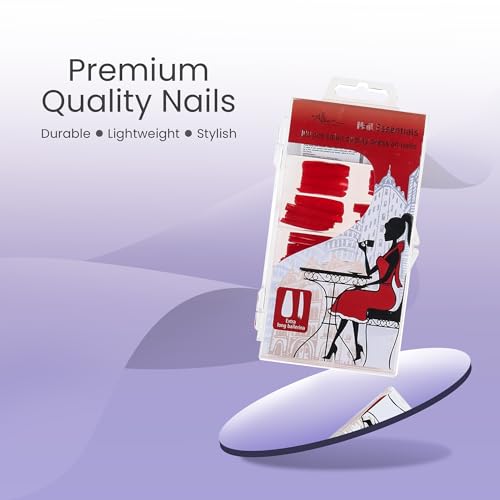 Allkem Press On Nails - Hot Red Glossy Extra Long Ballerina Multipack | 10 sizes - 100 pcs False Nails Full Cover Nail Kit with Glue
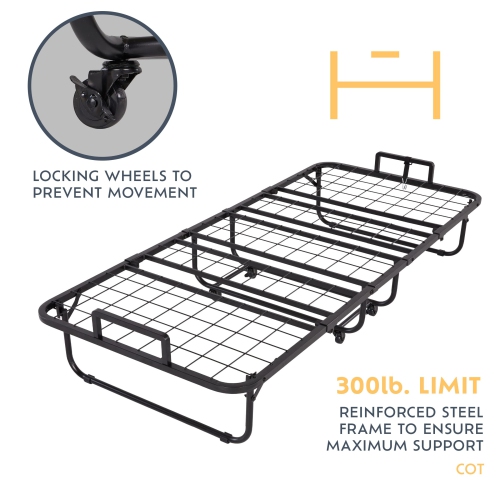 Heyward Folding Bed, Cot Size Machine Washable Memory Foam Mattress with Bed Frame 77" x 31" x 17"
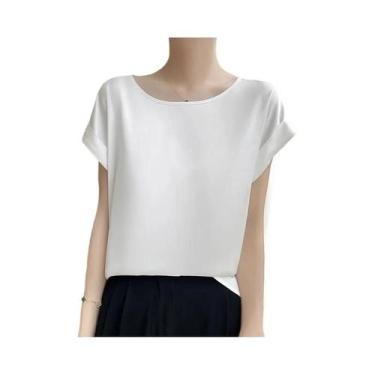 Imagem de Camisola Feminina De Seda Com Decote Redondo, Blusa Solta De Cetim Sem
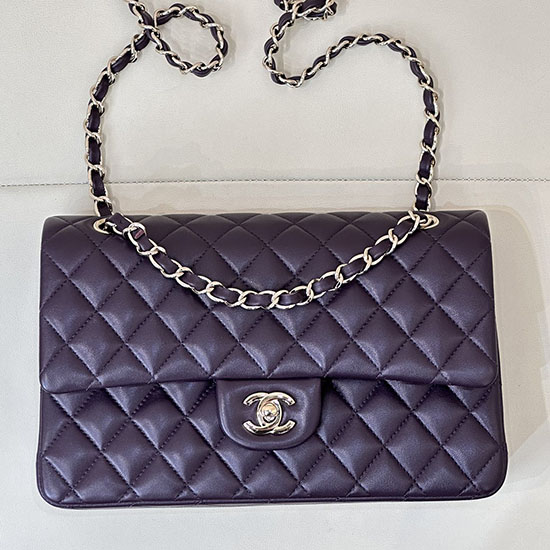 Medium Chanel Lambskin Flap Bag A01112 Dark Purple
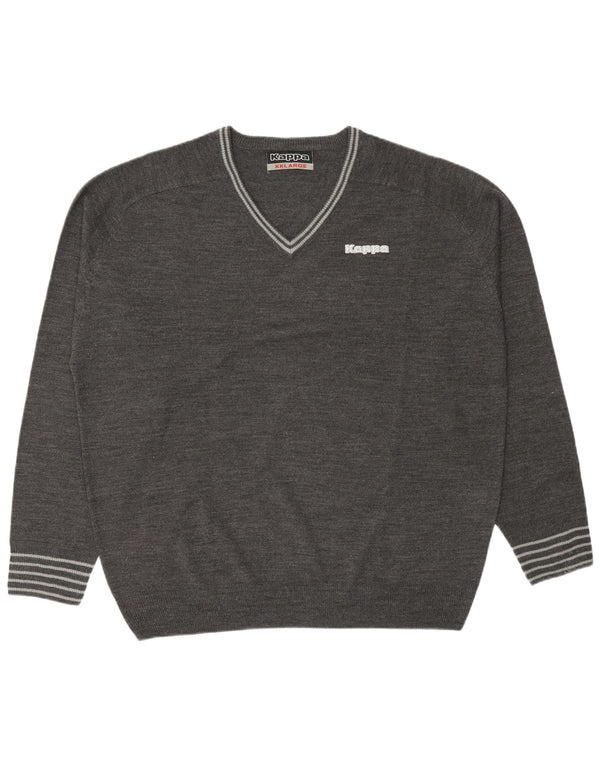 Kappa - Jersey con cuello en V para hombre, talla 2XL, acrílico gris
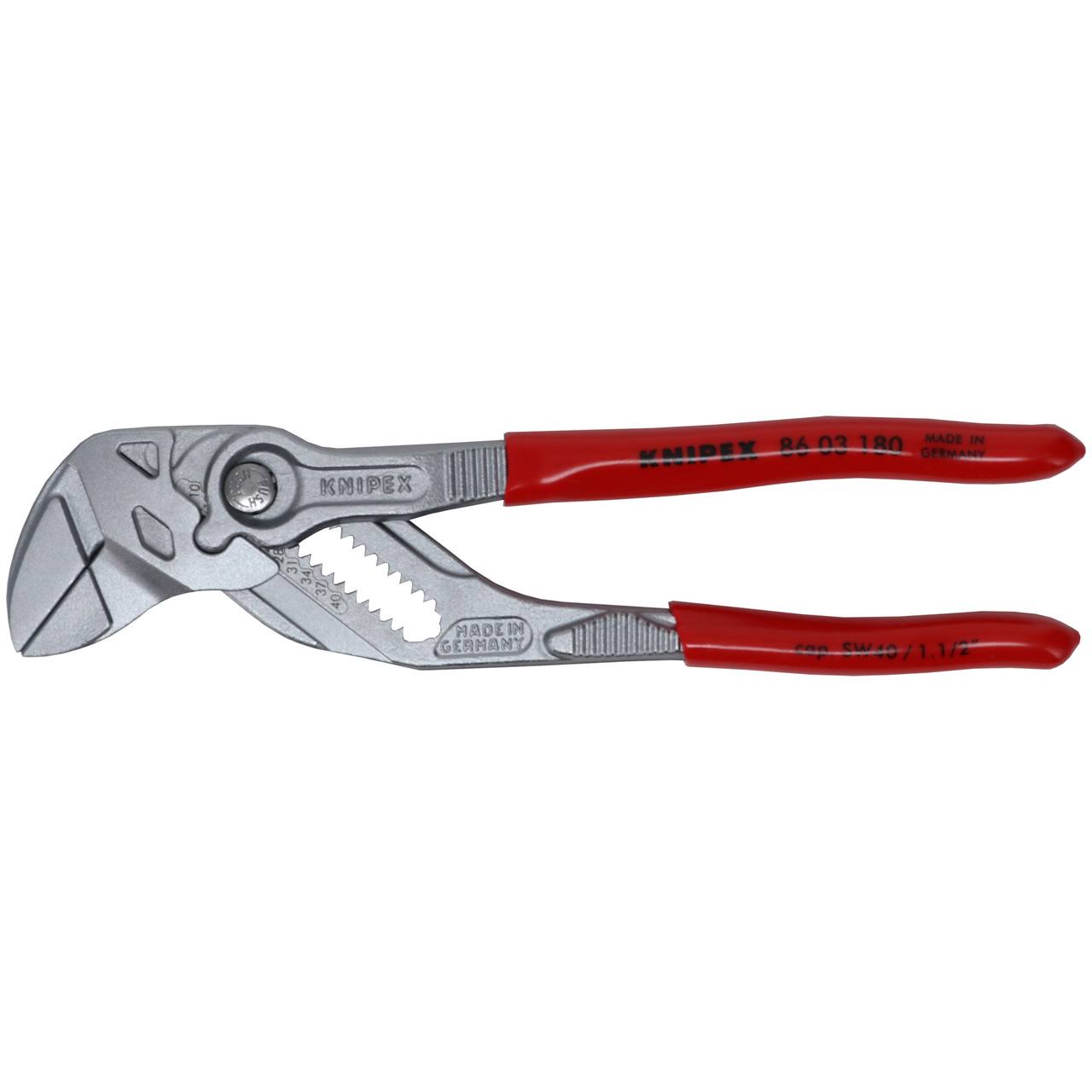Knipex 86 03 180 7-1/4x22 Straight Smooth Jaw Heavy-Duty Wrench and Pliers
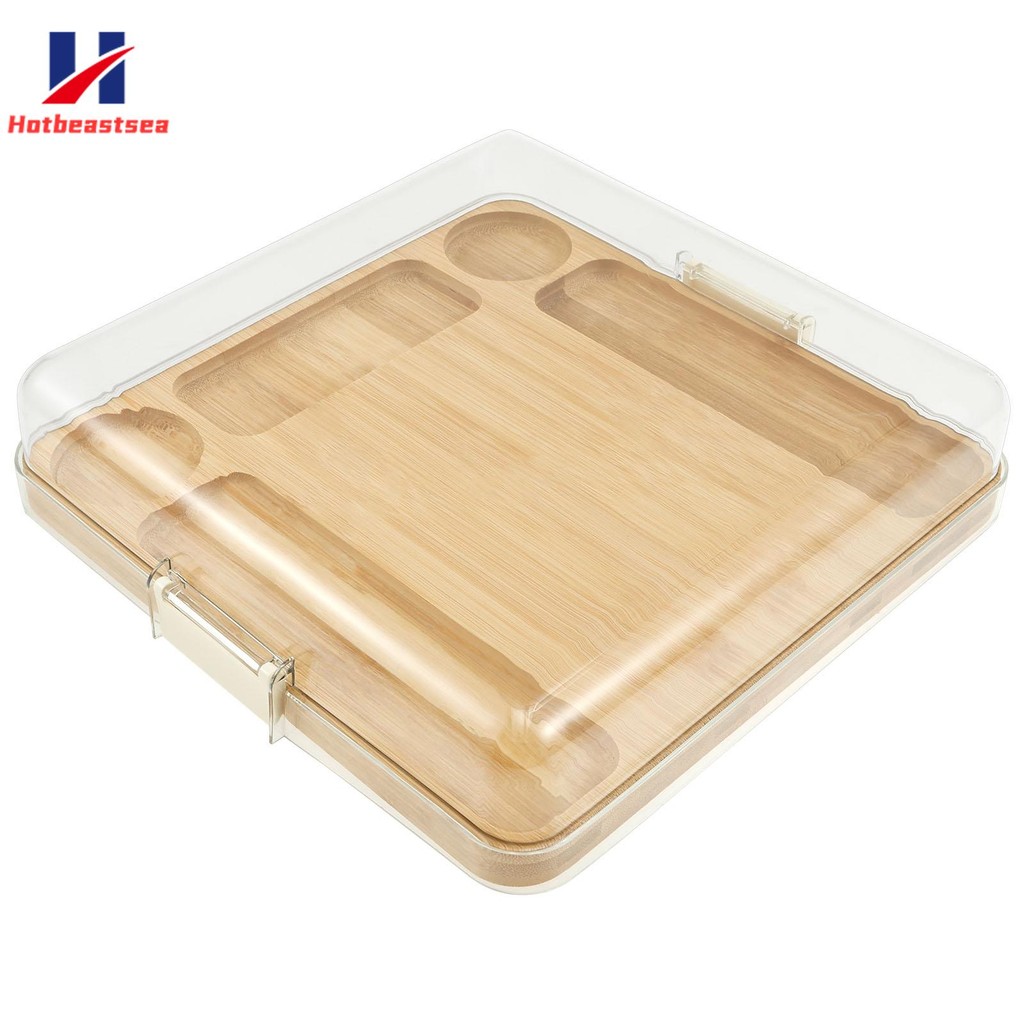 Charcuterie Board Portable Bamboo Cheese Board with Clear Locking Lid ...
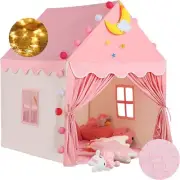 Tienda infantil con tapete y luces casa de juegos rosa para niÃ±as.
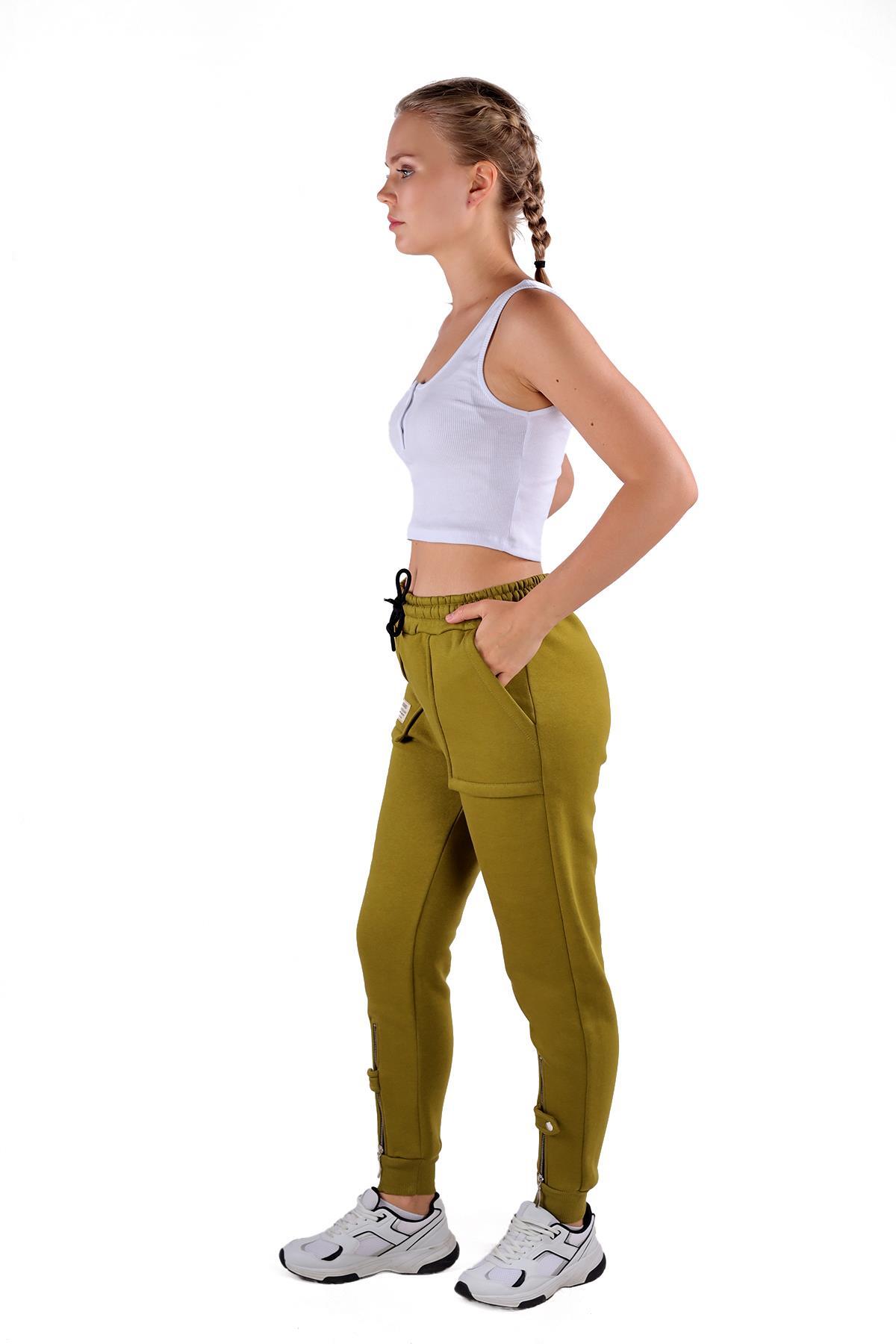 Yağ Yeşili Paça Fermuar Detay Eşofman 9146M - 7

====

Work to complete -
Leaving pictures aside, write out each record above exactly as given.

Response area -
 Allkem Press On Nails - Hot Red Glossy Extra Long Ballerina Multipack | 10 sizes - 100 pcs False Nails Full Cover Nail Kit with Glue
 Heyward Folding Bed, Cot Size Machine Washable Memory Foam Mattress with Bed Frame 77" x 31" x 17"
 Imagem de Camisola Feminina De Seda Com Decote Redondo, Blusa Solta De Cetim Sem
 Medium Chanel Lambskin Flap Bag A01112 Dark Purple
 Kappa - Jersey con cuello en V para hombre, talla 2XL, acrílico gris
Knipex 86 03 180 7-1/4x22 Straight Smooth Jaw Heavy-Duty Wrench and Pliers
 Charcuterie Board Portable Bamboo Cheese Board with Clear Locking Lid ...
 Tienda infantil con tapete y luces casa de juegos rosa para niÃ±as.
 Yağ Yeşili Paça Fermuar Detay Eşofman 9146M - 7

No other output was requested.